With mmap, things are a little different. pdflush is in charge of our  
writing and, at intervals, will call our writepage() operation on  
pages that the user has dirtied. This all happens completely behind  
the scenes. We then write the AFS dirty page out into the backing  
store (by using that store's write command), and it's scheduled for  
another background flush.

In 1.5 this is streamlined a little by only working at the page level,  
which avoids some context swaps, and copies. As I noted in an earlier  
email, we also do more in the background in order to get control back  
to the user quicker. One further optimisation is that we shouldn't be  
doing the write to the backing cache from the write() syscall.

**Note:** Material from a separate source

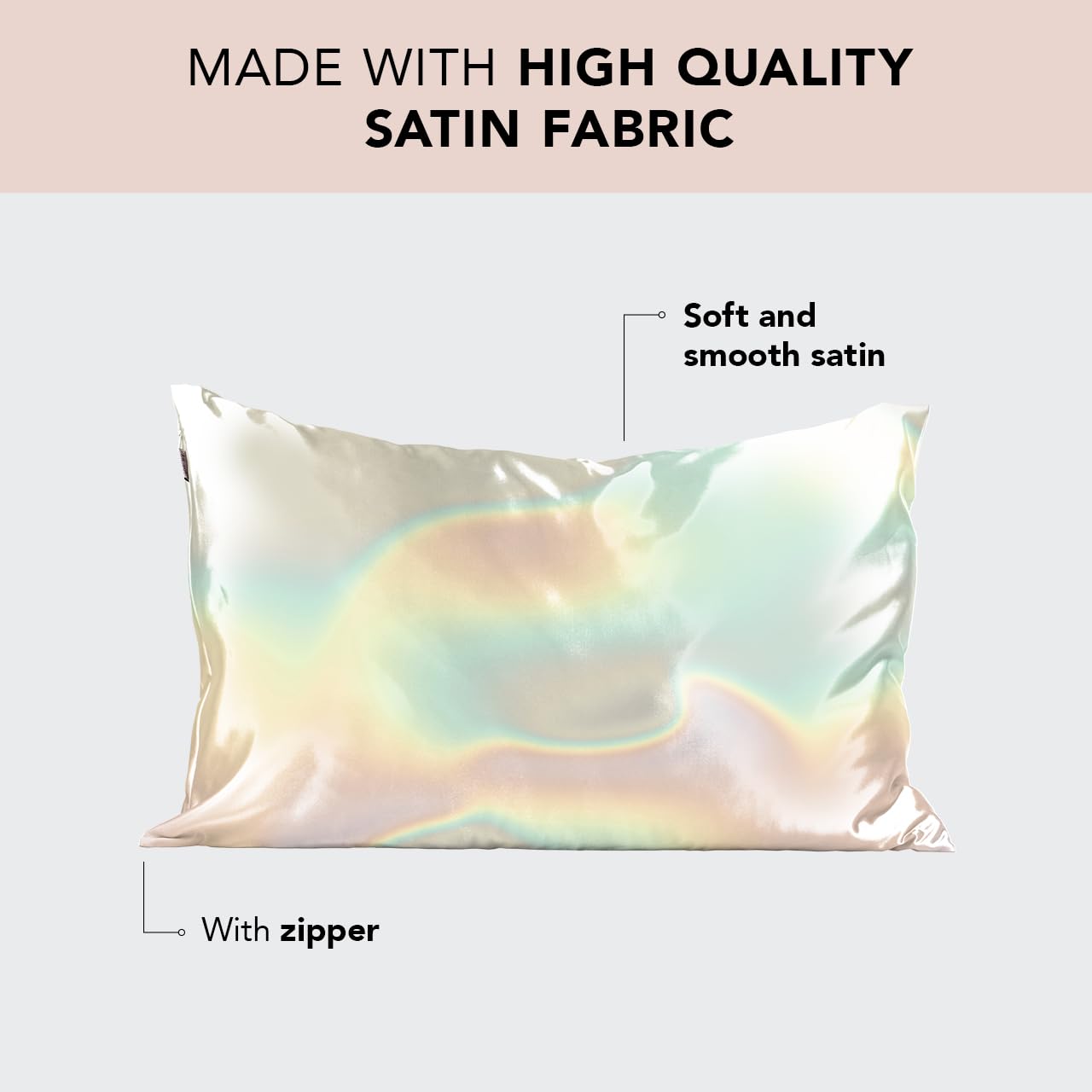 Kitsch Satin Pillowcase with Zipper for Hair and Skin Queen Size, Softer Than Silk Pillow Cases, 2 Pack Cooling Pillow Covers, Machine Washable, Satin Pillow Cases Standard Size Set of 2 19"x26", Aura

All  
write is supposed to do is to copy the data from the user into the  
filesystem's mapping, and mark the page dirty. It should then be up to  
the pdflush process to move this out to the backing store - I intend  
to revisit this at some point, but my previous attempts have resulted  
in a cache manager that is very prone to deadlocks.

As you note, our Linux implementation creates two copies of the data -  
one in AFS's mapping, the other in the backing files. However, we  
cannot easily get rid of this duplication - there's no simple  
mechanism of bypassing the VM and 'writing into the chunk files  
directly'. Using direct-IO would be a possibility, but we'd need to  
handle doing this in the backgound, otherwise the user would end up  
having to wait until chunk files actually made it to the disk, and it  
would limit the range of filesystems we can use as a backing cache.